The response must consist of each line in the listing that has the word "https" in it.

==*==

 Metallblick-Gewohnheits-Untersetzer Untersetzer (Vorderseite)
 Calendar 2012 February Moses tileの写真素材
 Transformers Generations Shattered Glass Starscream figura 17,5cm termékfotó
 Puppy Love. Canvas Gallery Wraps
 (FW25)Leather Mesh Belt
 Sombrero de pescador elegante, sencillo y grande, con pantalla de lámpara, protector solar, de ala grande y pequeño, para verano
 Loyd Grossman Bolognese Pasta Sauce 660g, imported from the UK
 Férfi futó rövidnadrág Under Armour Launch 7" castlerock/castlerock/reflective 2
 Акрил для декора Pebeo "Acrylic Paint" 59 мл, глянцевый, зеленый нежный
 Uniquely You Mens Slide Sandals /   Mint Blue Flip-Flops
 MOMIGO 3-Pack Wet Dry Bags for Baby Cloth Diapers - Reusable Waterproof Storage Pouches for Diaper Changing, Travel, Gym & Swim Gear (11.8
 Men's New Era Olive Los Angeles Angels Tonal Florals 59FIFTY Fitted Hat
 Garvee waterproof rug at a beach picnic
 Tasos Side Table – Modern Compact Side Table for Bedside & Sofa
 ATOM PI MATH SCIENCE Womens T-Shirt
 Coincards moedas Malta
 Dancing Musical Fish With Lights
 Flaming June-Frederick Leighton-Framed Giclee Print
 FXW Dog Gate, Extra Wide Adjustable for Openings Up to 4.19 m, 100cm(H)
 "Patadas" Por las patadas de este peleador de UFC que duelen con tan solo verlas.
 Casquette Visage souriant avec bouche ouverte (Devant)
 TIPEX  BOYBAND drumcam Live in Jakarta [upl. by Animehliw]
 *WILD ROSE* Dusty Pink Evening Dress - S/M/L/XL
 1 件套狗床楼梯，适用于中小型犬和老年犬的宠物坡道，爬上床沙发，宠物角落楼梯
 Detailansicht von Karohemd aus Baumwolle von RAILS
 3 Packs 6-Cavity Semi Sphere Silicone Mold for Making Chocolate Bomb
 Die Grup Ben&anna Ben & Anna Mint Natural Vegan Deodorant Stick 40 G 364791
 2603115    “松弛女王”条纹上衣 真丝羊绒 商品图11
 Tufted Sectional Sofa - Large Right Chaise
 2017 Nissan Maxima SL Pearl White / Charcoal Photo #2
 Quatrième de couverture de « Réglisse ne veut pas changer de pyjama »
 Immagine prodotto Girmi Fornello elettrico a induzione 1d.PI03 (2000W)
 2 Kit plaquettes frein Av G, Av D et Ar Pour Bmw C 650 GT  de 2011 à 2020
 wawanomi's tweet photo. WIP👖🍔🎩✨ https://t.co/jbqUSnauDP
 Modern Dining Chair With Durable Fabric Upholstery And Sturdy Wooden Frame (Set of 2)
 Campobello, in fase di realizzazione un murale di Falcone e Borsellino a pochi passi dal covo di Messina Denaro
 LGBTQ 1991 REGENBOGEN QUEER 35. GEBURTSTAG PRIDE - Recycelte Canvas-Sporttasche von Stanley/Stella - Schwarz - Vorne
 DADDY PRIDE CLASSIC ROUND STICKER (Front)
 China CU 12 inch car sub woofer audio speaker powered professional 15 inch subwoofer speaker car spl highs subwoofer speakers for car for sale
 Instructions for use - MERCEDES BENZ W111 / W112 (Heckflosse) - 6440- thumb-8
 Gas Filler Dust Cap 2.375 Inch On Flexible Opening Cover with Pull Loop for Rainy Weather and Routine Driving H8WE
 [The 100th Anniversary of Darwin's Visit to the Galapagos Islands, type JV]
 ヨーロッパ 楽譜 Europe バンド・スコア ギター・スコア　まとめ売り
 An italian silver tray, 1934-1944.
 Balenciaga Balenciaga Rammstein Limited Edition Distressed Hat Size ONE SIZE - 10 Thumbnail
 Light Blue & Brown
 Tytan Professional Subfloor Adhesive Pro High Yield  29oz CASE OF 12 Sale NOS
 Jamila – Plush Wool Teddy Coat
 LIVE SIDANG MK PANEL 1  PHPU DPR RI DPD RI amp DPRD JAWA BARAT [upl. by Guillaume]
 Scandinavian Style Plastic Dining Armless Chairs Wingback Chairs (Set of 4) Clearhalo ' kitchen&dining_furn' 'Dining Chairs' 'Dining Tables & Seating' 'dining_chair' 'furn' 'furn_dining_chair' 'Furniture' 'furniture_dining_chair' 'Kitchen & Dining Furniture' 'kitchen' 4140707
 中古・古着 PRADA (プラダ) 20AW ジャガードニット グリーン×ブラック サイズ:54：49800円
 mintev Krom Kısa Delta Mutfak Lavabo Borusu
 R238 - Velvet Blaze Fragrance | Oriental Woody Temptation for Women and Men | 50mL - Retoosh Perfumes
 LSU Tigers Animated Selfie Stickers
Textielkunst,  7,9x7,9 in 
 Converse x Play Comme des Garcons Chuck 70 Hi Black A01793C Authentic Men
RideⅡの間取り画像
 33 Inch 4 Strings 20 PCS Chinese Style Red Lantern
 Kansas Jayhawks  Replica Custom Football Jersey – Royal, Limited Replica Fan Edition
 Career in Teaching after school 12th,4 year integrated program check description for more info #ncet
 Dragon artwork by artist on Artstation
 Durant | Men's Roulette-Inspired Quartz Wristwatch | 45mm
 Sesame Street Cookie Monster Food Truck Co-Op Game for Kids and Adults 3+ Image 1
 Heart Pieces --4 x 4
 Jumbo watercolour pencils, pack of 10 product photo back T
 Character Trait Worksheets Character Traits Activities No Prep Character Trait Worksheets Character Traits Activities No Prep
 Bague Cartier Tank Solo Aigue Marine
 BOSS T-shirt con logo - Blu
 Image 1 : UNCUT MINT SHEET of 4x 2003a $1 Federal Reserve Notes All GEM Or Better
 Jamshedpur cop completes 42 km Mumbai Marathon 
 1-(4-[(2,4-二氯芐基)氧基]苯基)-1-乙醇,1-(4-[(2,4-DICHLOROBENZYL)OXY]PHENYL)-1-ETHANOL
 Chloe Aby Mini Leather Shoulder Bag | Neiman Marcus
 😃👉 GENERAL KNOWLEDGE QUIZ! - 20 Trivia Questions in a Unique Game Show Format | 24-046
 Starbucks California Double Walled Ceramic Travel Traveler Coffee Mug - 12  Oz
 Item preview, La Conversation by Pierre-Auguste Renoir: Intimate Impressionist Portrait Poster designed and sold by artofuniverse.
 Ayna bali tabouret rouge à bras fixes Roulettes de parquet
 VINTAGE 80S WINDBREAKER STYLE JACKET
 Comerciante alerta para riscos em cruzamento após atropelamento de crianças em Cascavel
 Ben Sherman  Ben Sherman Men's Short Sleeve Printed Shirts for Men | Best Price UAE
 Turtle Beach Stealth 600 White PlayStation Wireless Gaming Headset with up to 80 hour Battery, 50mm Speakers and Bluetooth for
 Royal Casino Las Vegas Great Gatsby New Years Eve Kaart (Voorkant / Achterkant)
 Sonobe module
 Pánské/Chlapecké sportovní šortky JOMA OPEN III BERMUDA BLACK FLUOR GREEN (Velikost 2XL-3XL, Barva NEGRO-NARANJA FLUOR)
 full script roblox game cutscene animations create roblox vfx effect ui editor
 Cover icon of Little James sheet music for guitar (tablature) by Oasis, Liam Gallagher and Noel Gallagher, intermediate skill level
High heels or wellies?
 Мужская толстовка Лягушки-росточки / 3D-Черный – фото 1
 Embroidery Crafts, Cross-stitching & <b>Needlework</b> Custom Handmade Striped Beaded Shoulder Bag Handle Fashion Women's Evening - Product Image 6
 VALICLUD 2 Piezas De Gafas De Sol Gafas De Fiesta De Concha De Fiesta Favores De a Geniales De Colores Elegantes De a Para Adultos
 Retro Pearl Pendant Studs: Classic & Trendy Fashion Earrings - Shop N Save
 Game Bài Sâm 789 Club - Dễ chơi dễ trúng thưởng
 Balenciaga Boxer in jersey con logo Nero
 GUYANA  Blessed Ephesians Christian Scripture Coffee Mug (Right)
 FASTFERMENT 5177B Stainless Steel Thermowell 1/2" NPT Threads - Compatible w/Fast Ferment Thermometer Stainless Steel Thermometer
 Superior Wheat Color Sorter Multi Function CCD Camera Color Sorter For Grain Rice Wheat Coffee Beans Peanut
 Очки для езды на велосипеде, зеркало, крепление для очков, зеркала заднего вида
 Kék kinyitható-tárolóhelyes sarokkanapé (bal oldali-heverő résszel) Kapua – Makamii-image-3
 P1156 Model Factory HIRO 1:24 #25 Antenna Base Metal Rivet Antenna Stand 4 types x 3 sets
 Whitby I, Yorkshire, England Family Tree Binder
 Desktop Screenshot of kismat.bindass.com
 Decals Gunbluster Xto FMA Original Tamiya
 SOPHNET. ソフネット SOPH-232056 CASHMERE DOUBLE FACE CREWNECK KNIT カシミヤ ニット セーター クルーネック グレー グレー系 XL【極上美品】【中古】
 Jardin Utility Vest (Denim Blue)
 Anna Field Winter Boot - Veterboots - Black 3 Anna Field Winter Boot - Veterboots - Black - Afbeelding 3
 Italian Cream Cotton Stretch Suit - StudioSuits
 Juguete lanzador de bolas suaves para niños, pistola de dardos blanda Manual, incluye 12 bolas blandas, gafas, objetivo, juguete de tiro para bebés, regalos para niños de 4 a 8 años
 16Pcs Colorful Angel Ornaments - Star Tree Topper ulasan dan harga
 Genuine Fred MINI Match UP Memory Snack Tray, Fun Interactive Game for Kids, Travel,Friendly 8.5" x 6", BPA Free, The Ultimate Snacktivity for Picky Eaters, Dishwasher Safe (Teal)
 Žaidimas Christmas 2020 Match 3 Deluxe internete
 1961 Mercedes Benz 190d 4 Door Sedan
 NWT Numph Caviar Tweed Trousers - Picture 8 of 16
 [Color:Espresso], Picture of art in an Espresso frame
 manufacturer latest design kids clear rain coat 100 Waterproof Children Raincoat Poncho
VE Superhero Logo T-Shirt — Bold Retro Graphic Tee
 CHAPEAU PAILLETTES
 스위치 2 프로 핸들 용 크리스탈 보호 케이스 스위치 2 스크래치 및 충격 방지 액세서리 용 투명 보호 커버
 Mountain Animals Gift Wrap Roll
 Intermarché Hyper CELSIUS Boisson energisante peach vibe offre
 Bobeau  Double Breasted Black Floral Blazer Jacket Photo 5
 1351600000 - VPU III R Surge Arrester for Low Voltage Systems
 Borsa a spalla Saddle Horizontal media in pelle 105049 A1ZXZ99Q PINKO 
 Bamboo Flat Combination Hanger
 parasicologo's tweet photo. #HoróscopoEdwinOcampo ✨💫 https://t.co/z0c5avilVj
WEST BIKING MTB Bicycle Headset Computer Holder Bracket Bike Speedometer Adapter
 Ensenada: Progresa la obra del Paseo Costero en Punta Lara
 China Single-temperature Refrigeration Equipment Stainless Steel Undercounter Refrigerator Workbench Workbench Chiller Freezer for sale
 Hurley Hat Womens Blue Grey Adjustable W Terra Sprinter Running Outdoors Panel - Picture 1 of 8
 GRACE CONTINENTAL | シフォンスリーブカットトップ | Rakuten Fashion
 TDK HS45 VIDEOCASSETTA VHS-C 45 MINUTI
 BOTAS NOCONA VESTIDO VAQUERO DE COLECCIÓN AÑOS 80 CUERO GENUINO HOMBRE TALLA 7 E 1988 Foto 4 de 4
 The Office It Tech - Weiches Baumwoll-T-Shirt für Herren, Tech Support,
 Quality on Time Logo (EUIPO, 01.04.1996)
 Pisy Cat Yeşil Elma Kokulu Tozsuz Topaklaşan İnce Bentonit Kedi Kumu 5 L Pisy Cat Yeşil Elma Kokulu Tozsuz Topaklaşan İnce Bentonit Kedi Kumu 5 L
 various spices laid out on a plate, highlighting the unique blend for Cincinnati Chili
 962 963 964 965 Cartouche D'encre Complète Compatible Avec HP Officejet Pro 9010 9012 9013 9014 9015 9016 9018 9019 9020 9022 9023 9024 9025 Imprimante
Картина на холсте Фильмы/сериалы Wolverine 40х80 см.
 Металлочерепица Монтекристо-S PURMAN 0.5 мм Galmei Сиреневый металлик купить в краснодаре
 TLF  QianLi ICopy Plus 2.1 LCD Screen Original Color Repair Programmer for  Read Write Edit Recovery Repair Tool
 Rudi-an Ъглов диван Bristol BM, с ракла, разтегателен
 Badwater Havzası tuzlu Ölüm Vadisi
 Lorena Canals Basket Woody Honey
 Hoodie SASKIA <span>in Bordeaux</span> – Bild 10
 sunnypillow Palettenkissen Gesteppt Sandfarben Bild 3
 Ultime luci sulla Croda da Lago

==*==

**Result for this task:**
 wawanomi's tweet photo. WIP👖🍔🎩✨ https://t.co/jbqUSnauDP
 parasicologo's tweet photo. #HoróscopoEdwinOcampo ✨💫 https://t.co/z0c5avilVj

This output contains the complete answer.